Everyone wanted the frontier model. No one could send it the chart. This multi-state network saw what large public LLMs could do with clinical text: summarize a sprawling chart, surface what matters, draft the first version of a dozen documents. The catch was non-negotiable. You cannot put protected health information into a public API and stay compliant, full stop.
Building a private model for every use case was expensive and slow. The network wanted frontier capability without frontier risk, and without a multi-million-dollar infrastructure project to get there.
The challenge
Could a public LLM read the chart and do real work without ever seeing a piece of information that could identify a patient? The answer had to satisfy not just the engineers but the compliance team, on demand, in writing.
The approach
We separated the medicine from the identity. Before anything reaches the model, a detection layer finds every piece of PHI in the record and replaces it with a consistent token. The masked text, still clinically complete, goes to the public LLM. When the answer comes back, the same tokens are swapped for the real values inside the network. The model does the reasoning; it never sees a name, a number, or a date that points to a person.

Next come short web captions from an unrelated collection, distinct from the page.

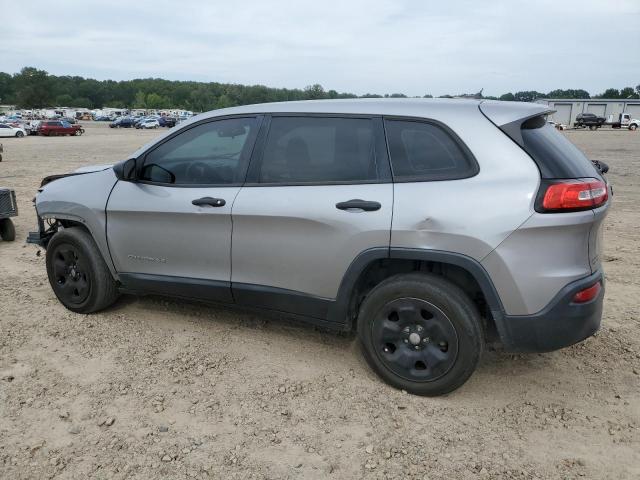 Photo 2 from auction – 2015 JEEP CHEROKEE S with VIN 1C4PJLABXFW548333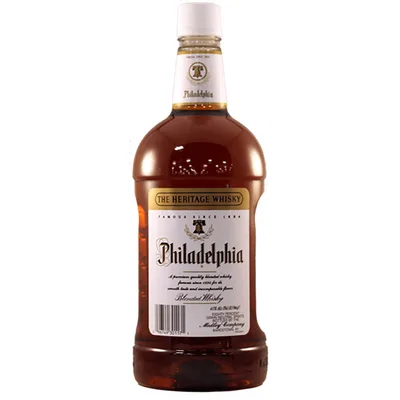 Philadelphia Blended Whiskey
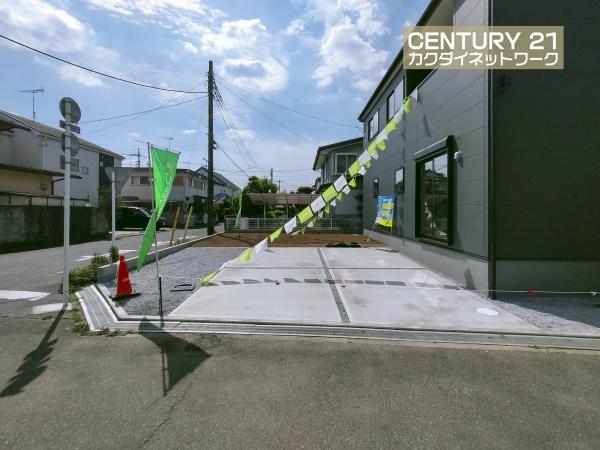 幸手市千塚第２　全１棟　１号棟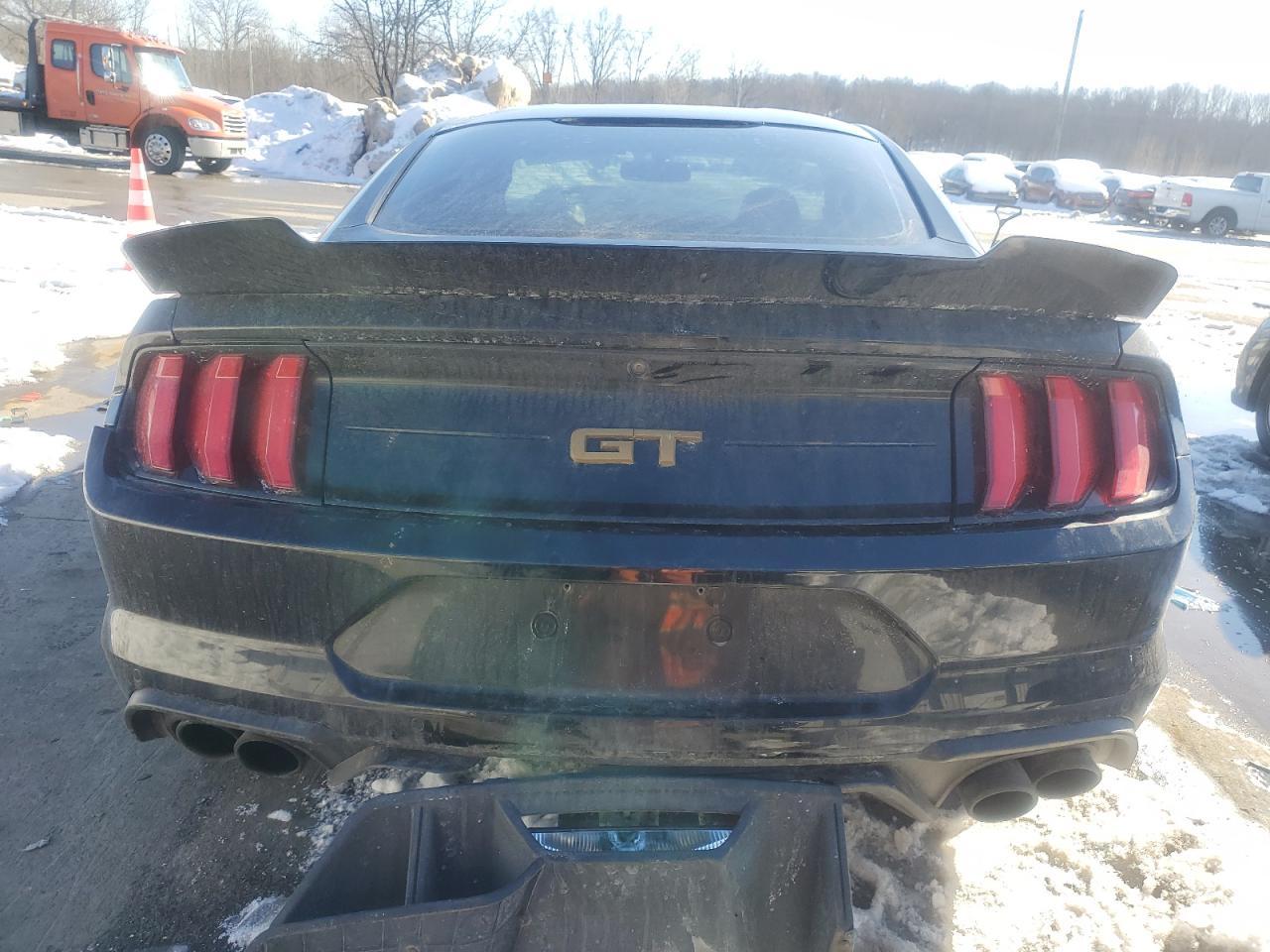 2018 FORD MUSTANG GT - Фото 6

The model read the medicine. It never met the patient.
The outcome
The network got the capability it wanted at a fraction of the cost and time of a private build. Chart review and summarization that used to eat hours got far faster, millions of records were processed safely, and compliance had a clean answer to the only question that mattered: nothing identifiable ever left.
You don't have to choose between the best model and the patient's privacy. Mask the identity, keep the medicine.
The same pipeline now sits in front of a dozen use cases, each inheriting the same guarantee. As stronger public models arrive, the network can adopt them without touching its privacy posture.